In a way, that’s simply more proof of your body’s ecosystem-like interdependence. Your brain might also be affected if something affects your hearing. These situations are called comorbid, a term that is specialized and signifies when two conditions have an affect on each other but don’t always have a cause and effect connection.
We can find out a lot regarding our bodies’ ecosystem by understanding disorders that are comorbid with hearing loss.
Hearing Loss And The Disorders That Are Associated With it
So, let’s suppose that you’ve been noticing the symptoms of hearing loss for the past few months. It’s been challenging to follow along with conversations in restaurants. You’ve been cranking up the volume on your tv. And certain sounds seem so far away. At this stage, most people will make an appointment with a hearing specialist (this is the wise thing to do, actually).

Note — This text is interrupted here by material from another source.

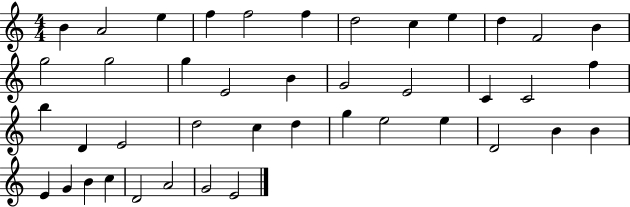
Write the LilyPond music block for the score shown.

Whether you recognize it or not, your hearing loss is connected to numerous other health conditions. Some of the health conditions that have reported comorbidity with hearing loss include:
- Diabetes: additionally, diabetes can have a negative affect on your nervous system all over your body (particularly in your extremities). one of the areas especially likely to be affected are the nerves in the ear. This damage can cause loss of hearing by itself. But your symptoms can be multiplied because diabetes related nerve damage can make you more prone to hearing loss caused by other factors.
- Cardiovascular disease: hearing loss and cardiovascular conditions aren’t always interconnected. In other instances, cardiovascular issues can make you more subject to hearing loss. The explanation for this is that trauma to the blood vessels of the inner ear is one of the first symptoms of cardiovascular disease. Your hearing might suffer as a result of the of that trauma.

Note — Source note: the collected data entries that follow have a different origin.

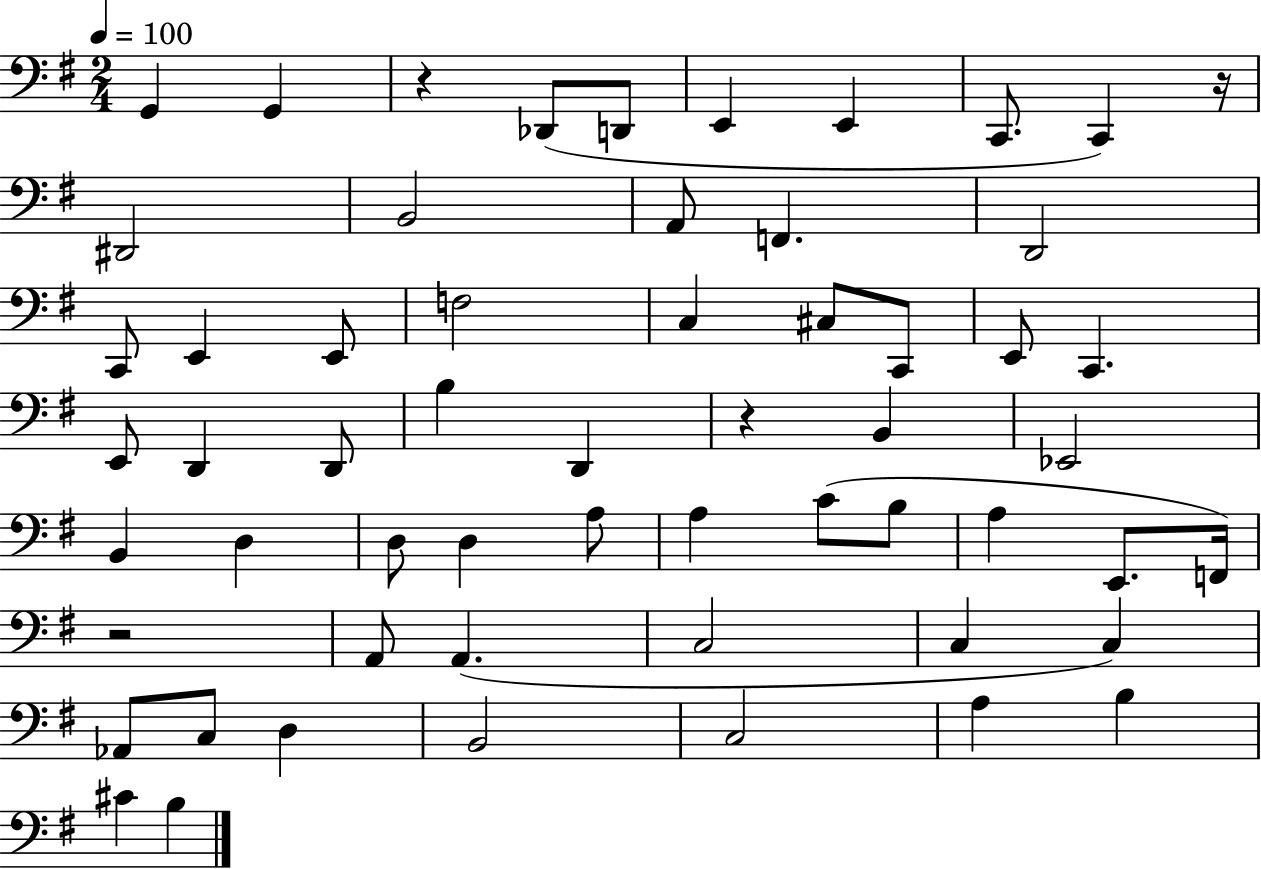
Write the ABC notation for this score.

X:1
T:Untitled
M:2/4
L:1/4
K:G
G,, G,, z _D,,/2 D,,/2 E,, E,, C,,/2 C,, z/4 ^D,,2 B,,2 A,,/2 F,, D,,2 C,,/2 E,, E,,/2 F,2 C, ^C,/2 C,,/2 E,,/2 C,, E,,/2 D,, D,,/2 B, D,, z B,, _E,,2 B,, D, D,/2 D, A,/2 A, C/2 B,/2 A, E,,/2 F,,/4 z2 A,,/2 A,, C,2 C, C, _A,,/2 C,/2 D, B,,2 C,2 A, B, ^C B,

- Depression: a whole range of issues can be the consequence of social isolation because of hearing loss, many of which relate to your mental health. So it’s not surprising that study after study finds anxiety and depression have extremely high comorbidity rates with hearing loss.
- Vertigo and falls: your inner ear is your principal tool for balance. Vertigo and dizziness can be triggered by some forms of hearing loss because they have a damaging impact on the inner ear. Falls are progressively more dangerous as you age and falls can happen whenever someone loses their balance
- Dementia: a higher chance of dementia has been associated with hearing loss, although the underlying cause of that relationship is unclear. Many of these cases of dementia and also cognitive decline can be reduced, according to research, by wearing hearing aids.
Is There Anything That Can be Done?
It can seem a little intimidating when you add all those health conditions together. But it’s worthwhile to keep one thing in mind: enormous positive impact can be gained by dealing with your hearing loss. Though scientists and researchers don’t exactly know, for example, why hearing loss and dementia show up together so often, they do know that treating hearing loss can significantly lower your dementia risks.
So the best way to go, no matter what comorbid condition you might be worried about, is to have your hearing examined.
Part of an Ecosystem
This is the reason why health care professionals are rethinking the importance of how to treat hearing loss. Your ears are being viewed as a part of your overall health profile rather than being a specific and limited concern. In a nutshell, we’re beginning to perceive the body more like an interrelated environment. Hearing loss doesn’t always develop in isolation. So it’s more relevant than ever that we address the entirety, not to the proverbial pond or the birds in isolation, but to your health as a whole.